In short, the whole idea of a 90 percent curse is just plain silly and everyone who knows any economics should have recognized this fact immediately. The biggest scandal of the Reinhart-Rogoff affair was not that they initially refused to share their data or their silly spreadsheet errors. The biggest scandal is that something so obviously absurd was ever taken seriously in the first place. 

 

Addendum:

Since the issue of interest rates and bond prices has been raised in comments and e-mails, I'll quickly clarify the point. Bonds carry a face value, meaning the amount that will be paid off when they reach maturity. This is what gets entered in our debt figure. However bonds also carry a market price, which fluctuates inversely with interest rates. The longer the term of the bond, the more its price will vary with interest rates. 

If interest rates rise, as just about everyone expects over the next 3-5 years, then the market price of the bonds we have issued in the current low interest rate environment will fall sharply. Since we count our debt at the face value of the bonds, not their market price, we could take advantage of the drop in bond prices to buy up trillions of dollars of bonds at sharp discounts to their face value.

The question is why would we do this, we would still pay the same interest? The answer is that the policy would make no sense for exactly this reason.

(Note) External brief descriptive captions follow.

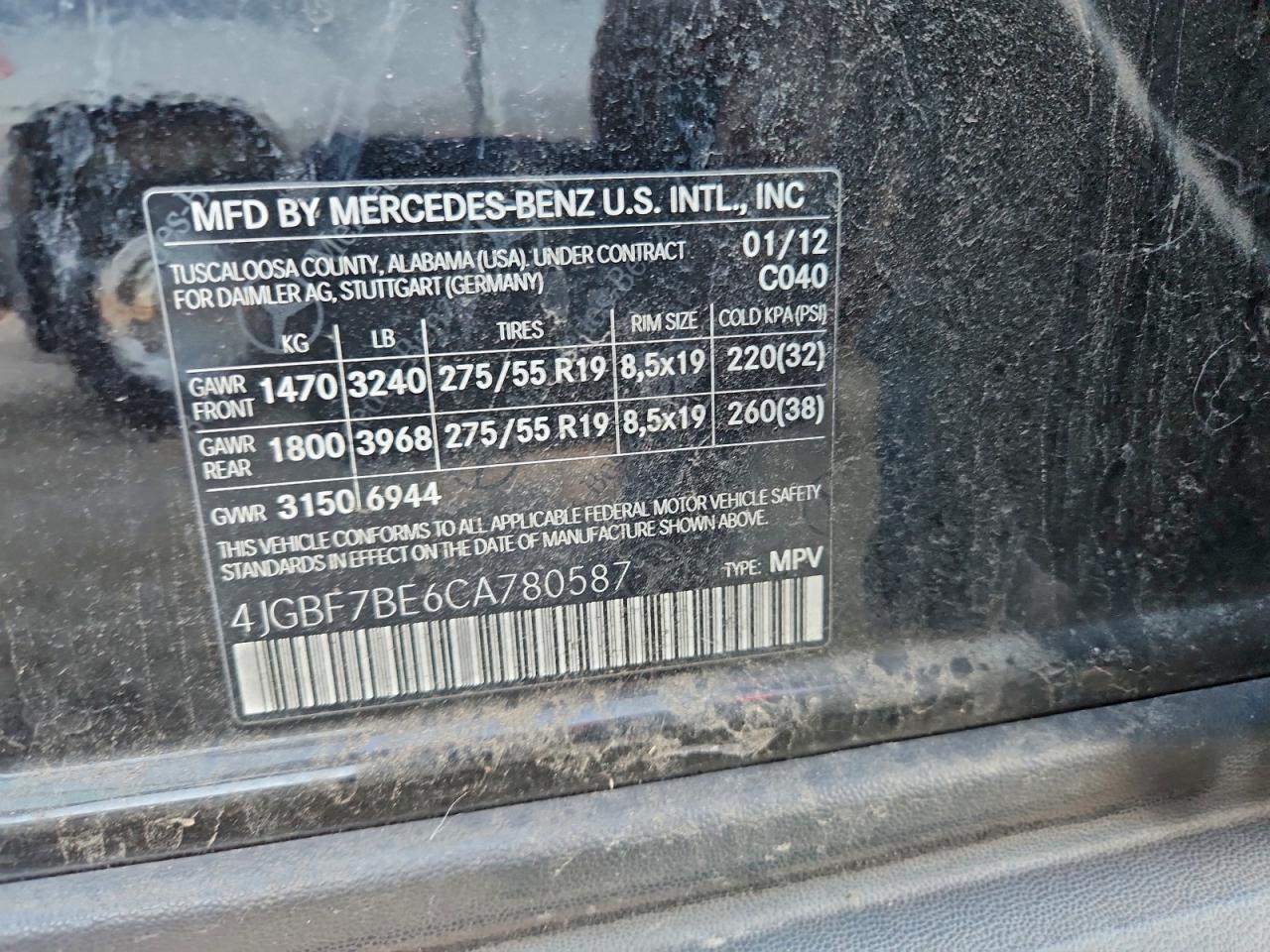 2012 Mercedes-Benz Gl 450 4Matic VIN: 4JGBF7BE6CA780587 Lot: 96083115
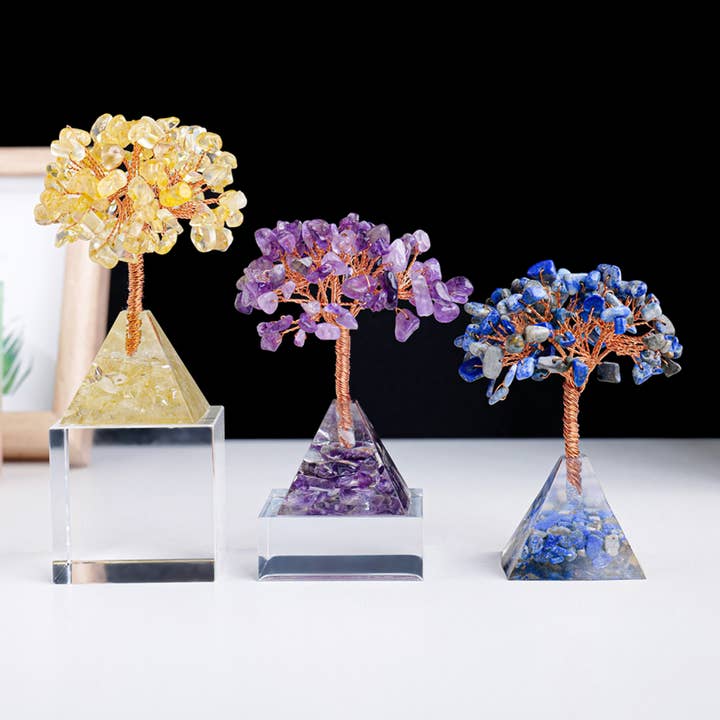 Crystolver - Wholesale Decorative Tabletop Object - Natural Crystal Fortune Tree Pyramid Base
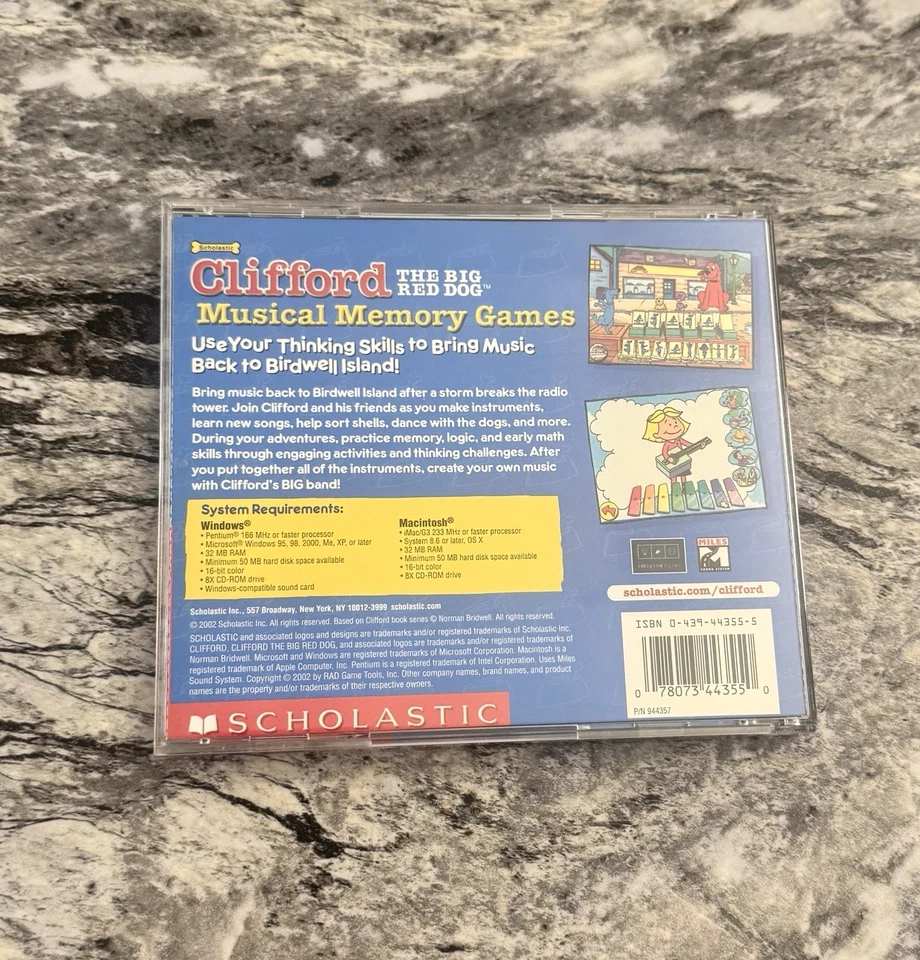 Scholastic Clifford Musical Memory Game - PC Scholastic Puzzle Game 2002 - Image 4 of 4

However, if we accept the Reinhart-Rogoff 90 percent curse, then reducing our debt in this way could make a great deal of sense. Suppose we can buy back debt with a face value of 60 percent of GDP at two-thirds its face value, or 40 percent of GDP. In our debt accounting we would have reduced our debt-to-GDP ratio by 20 percentage points. If this gets us below the 90 percent threshold then suddenly we can have normal growth again.

This is one of the reasons why a moment's thought should have allowed economists to realize that the Reinhart-Rogoff thesis made no sense. They were telling us that people who live in blue houses earn 40 percent less money. Serious economists should have recognized that this was absurd, even before they were able to get their hands on the spreadsheet.